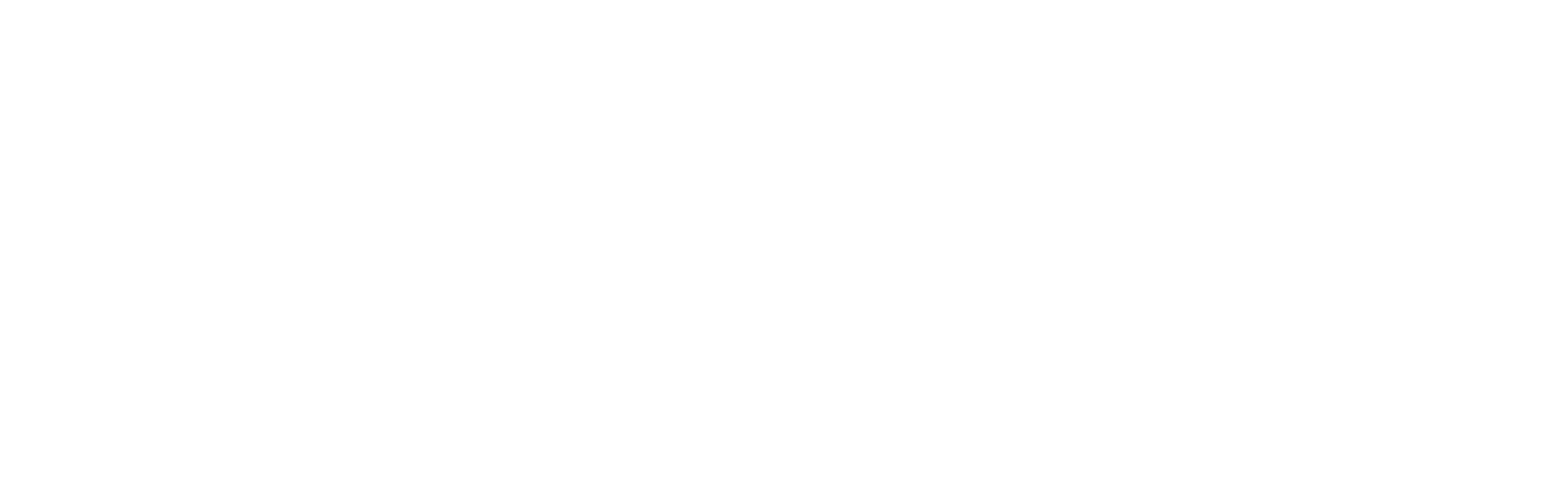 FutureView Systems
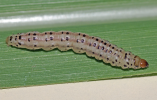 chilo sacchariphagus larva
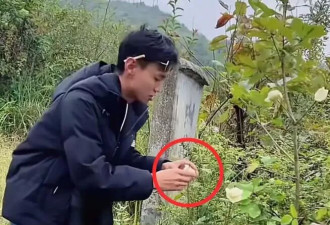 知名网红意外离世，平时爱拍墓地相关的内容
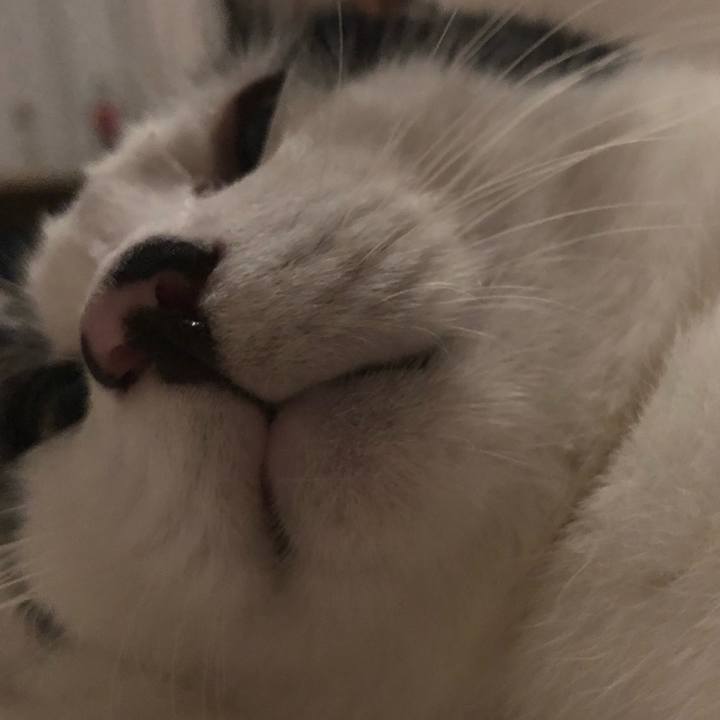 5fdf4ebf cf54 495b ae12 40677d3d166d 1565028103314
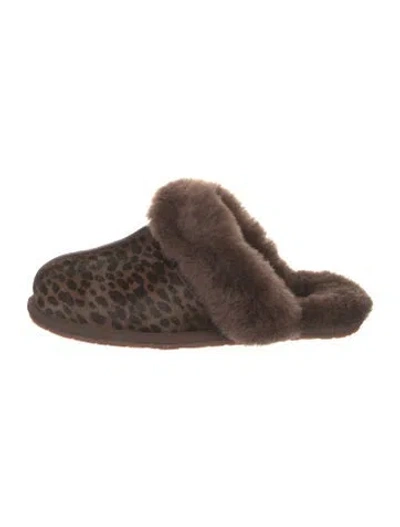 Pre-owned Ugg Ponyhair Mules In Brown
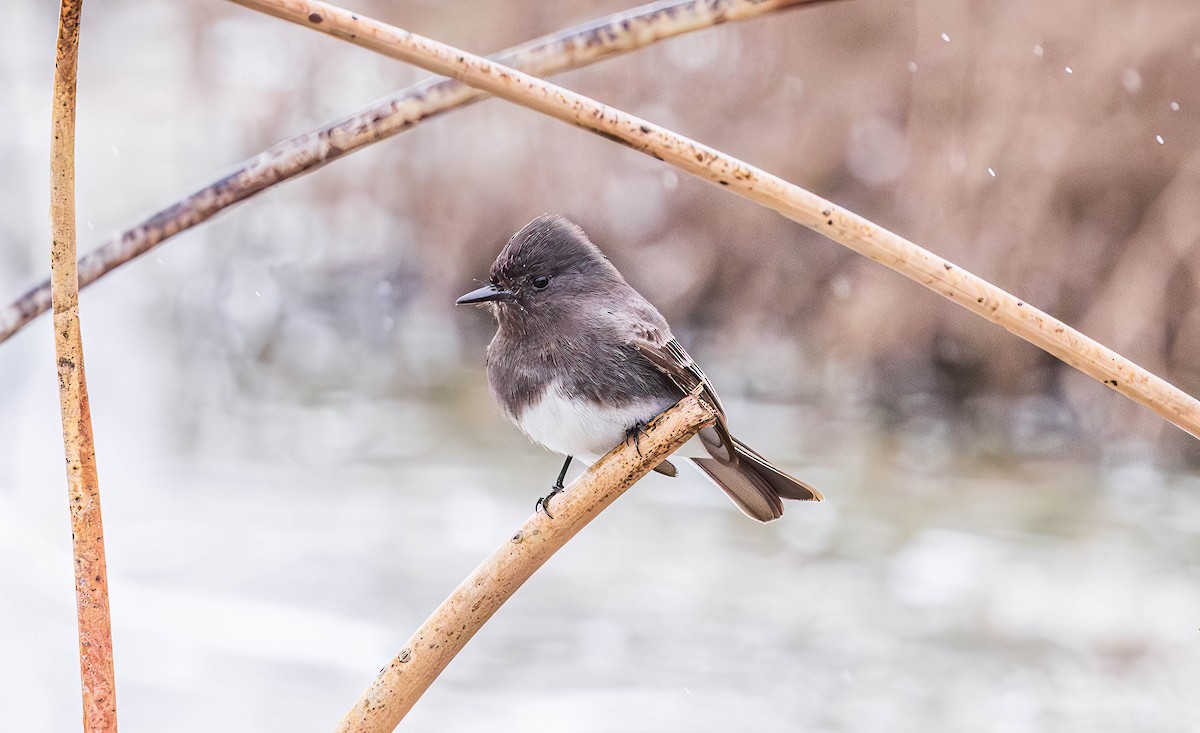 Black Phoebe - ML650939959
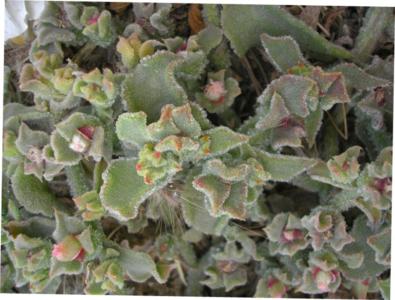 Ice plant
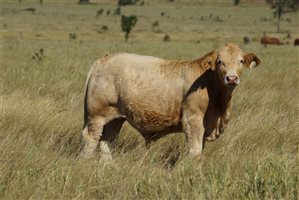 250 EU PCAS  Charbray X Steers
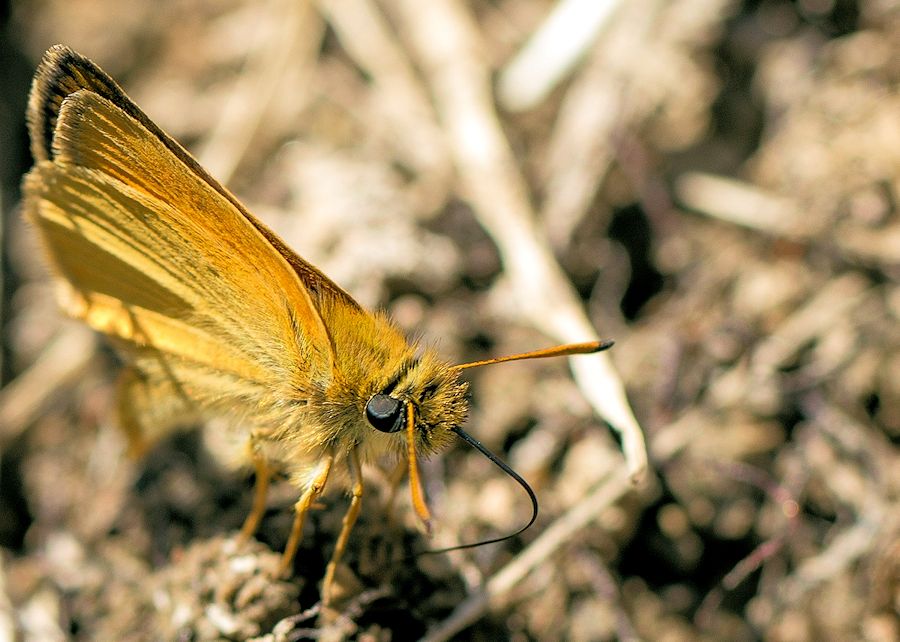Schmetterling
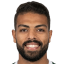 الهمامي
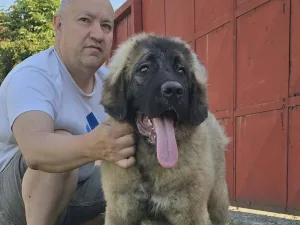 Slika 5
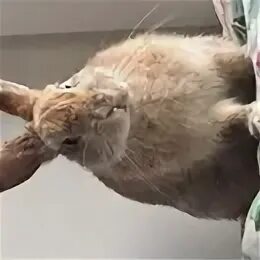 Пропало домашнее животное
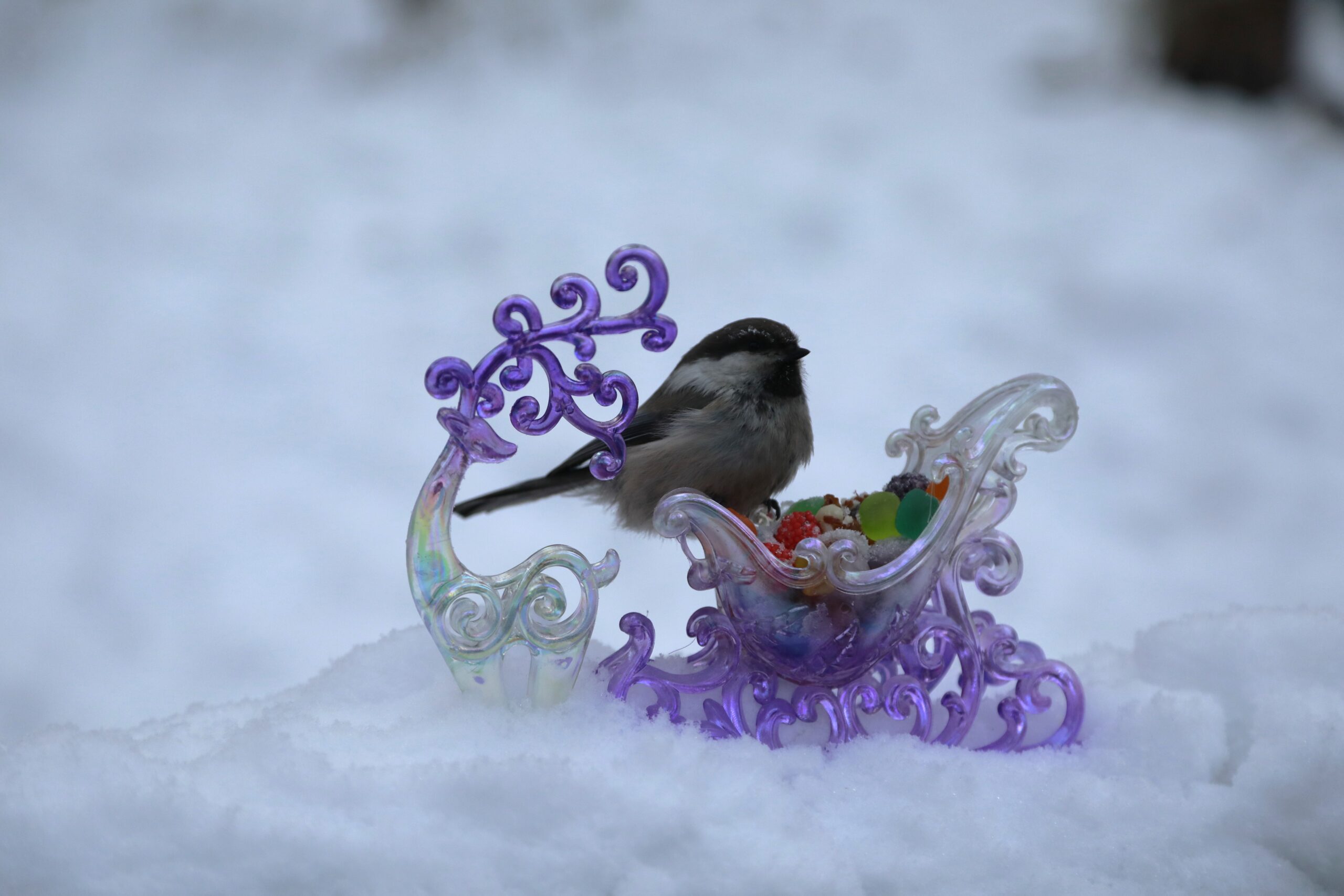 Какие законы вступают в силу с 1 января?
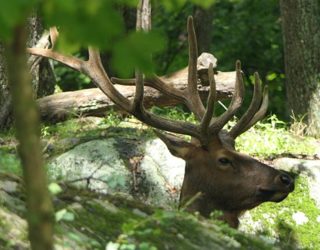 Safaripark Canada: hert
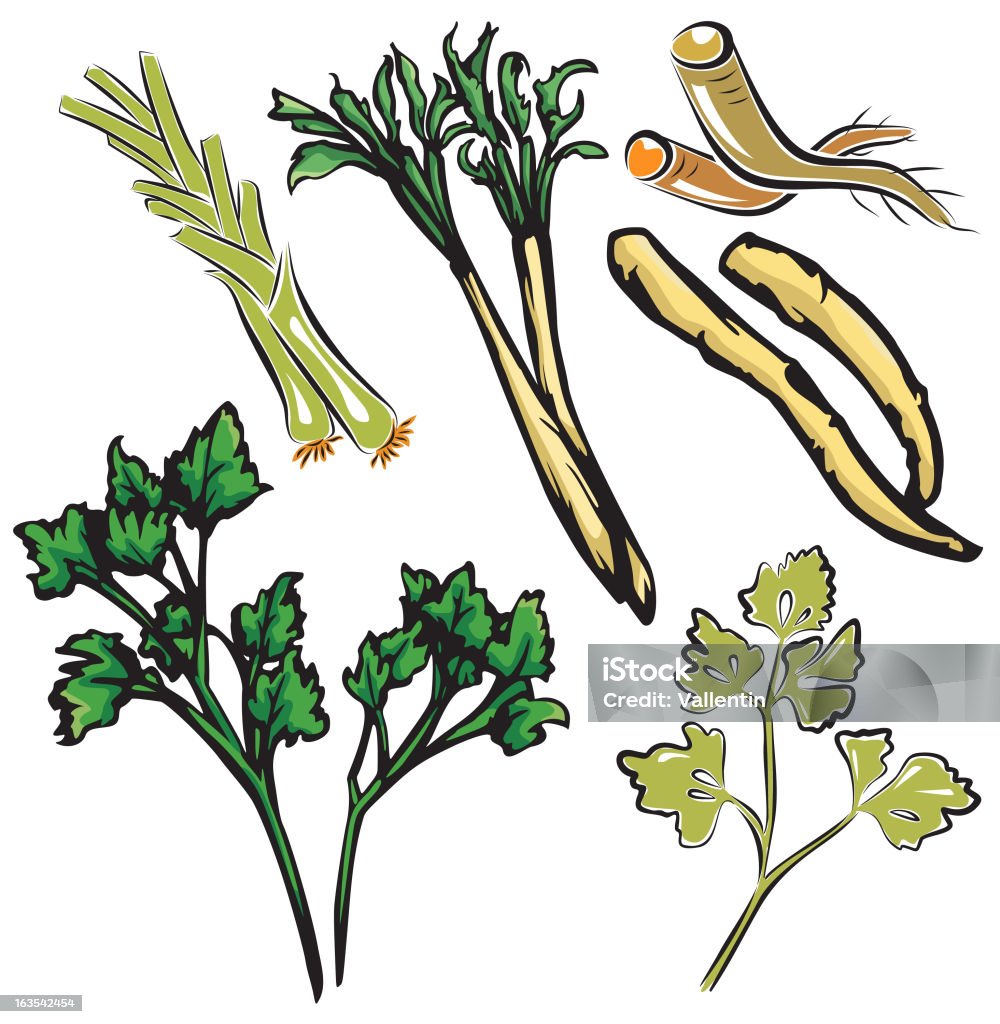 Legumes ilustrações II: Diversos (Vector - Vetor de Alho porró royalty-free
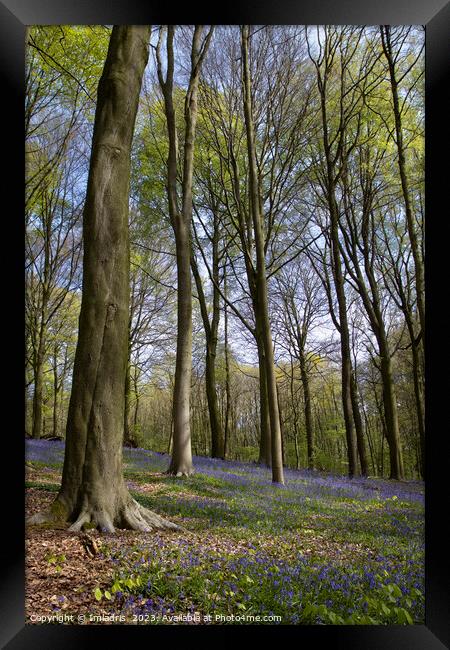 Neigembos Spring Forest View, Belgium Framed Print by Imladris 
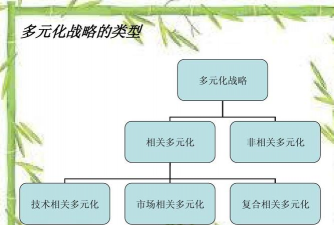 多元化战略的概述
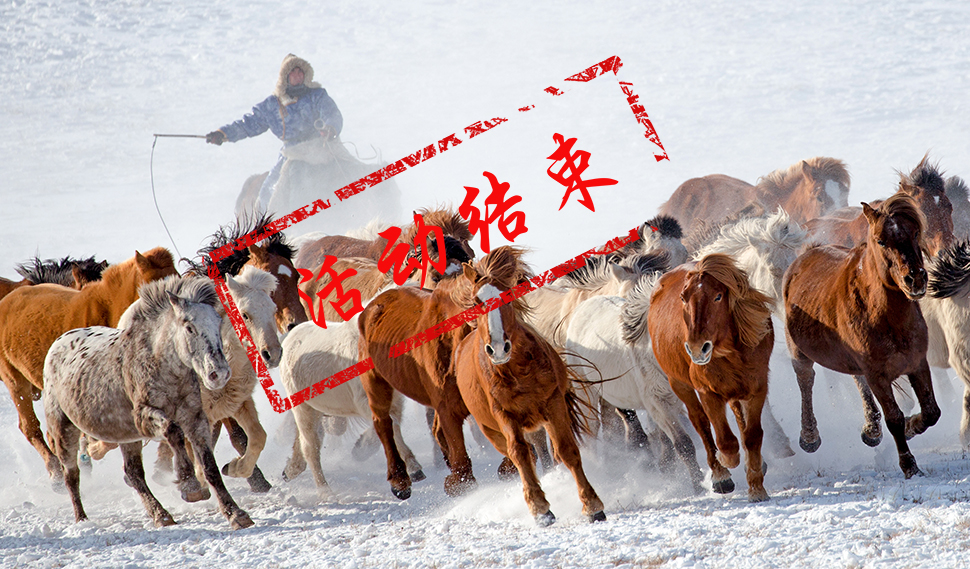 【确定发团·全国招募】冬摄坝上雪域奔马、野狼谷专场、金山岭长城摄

> [PROBLEM]: Excluding every picture, write out each record word for word.

> [ANSWER BOX]:
 FutureView Systems
 chilo sacchariphagus larva
 知名网红意外离世，平时爱拍墓地相关的内容
 5fdf4ebf cf54 495b ae12 40677d3d166d 1565028103314
 Pre-owned Ugg Ponyhair Mules In Brown
 Black Phoebe - ML650939959
 Ice plant
 250 EU PCAS  Charbray X Steers
Schmetterling
 الهمامي
 Slika 5
 Пропало домашнее животное
 Какие законы вступают в силу с 1 января?
 Safaripark Canada: hert
 Legumes ilustrações II: Diversos (Vector - Vetor de Alho porró royalty-free
 Neigembos Spring Forest View, Belgium Framed Print by Imladris 
 多元化战略的概述
 【确定发团·全国招募】冬摄坝上雪域奔马、野狼谷专场、金山岭长城摄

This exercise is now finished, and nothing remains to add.